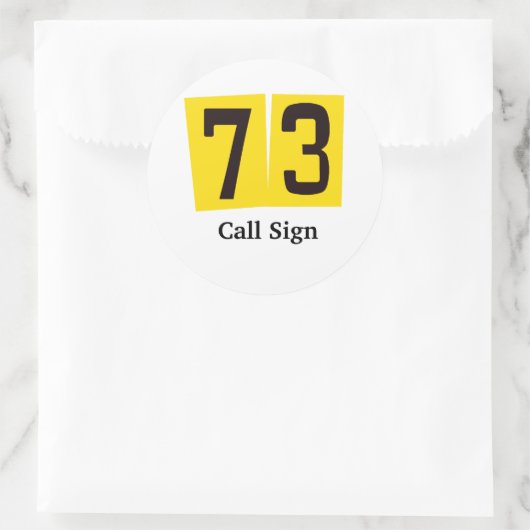 73ハムラジオステッカーまたは名前タグカスタマイズ付け ラウンドシール (バッグ)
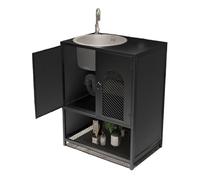Independiente Mueble de baño con lavabo acero inoxidable, gabinetes almacenamiento estilo industrial puertas y estantes abiertos, comercial pedestal metal grifo desagüe moderno(Negro)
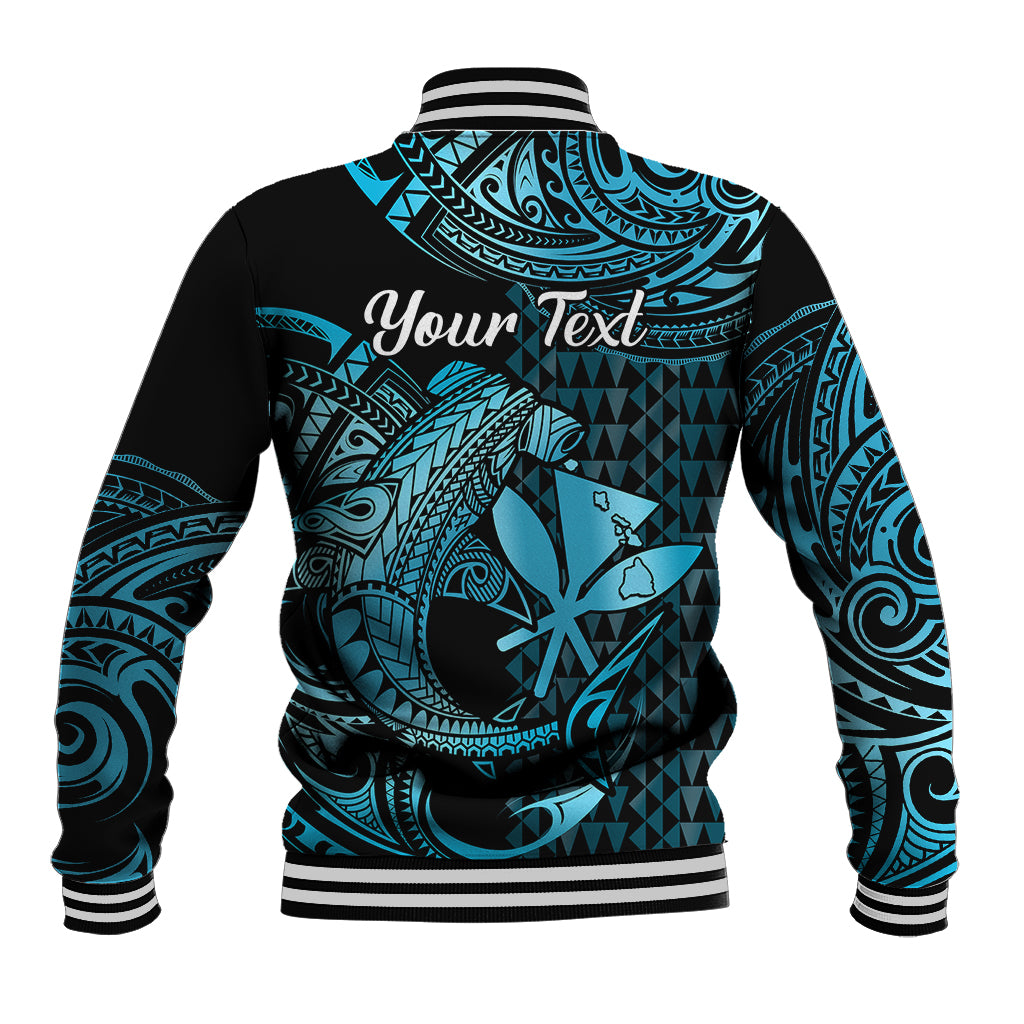 (Custom Personalised) Hawaii Hammerhead Shark Baseball Jacket Polynesian Kakau With Kanaka Turquoise - Wonder Print Shop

+ + + +

WHAT YOU HAVE TO DO: In transcribing the lines above, omit the images and keep all else exact.

RESPONSE TO THE TASK:
 73ハムラジオステッカーまたは名前タグカスタマイズ付け ラウンドシール (バッグ)
Independiente Mueble de baño con lavabo acero inoxidable, gabinetes almacenamiento estilo industrial puertas y estantes abiertos, comercial pedestal metal grifo desagüe moderno(Negro)
 (Custom Personalised) Hawaii Hammerhead Shark Baseball Jacket Polynesian Kakau With Kanaka Turquoise - Wonder Print Shop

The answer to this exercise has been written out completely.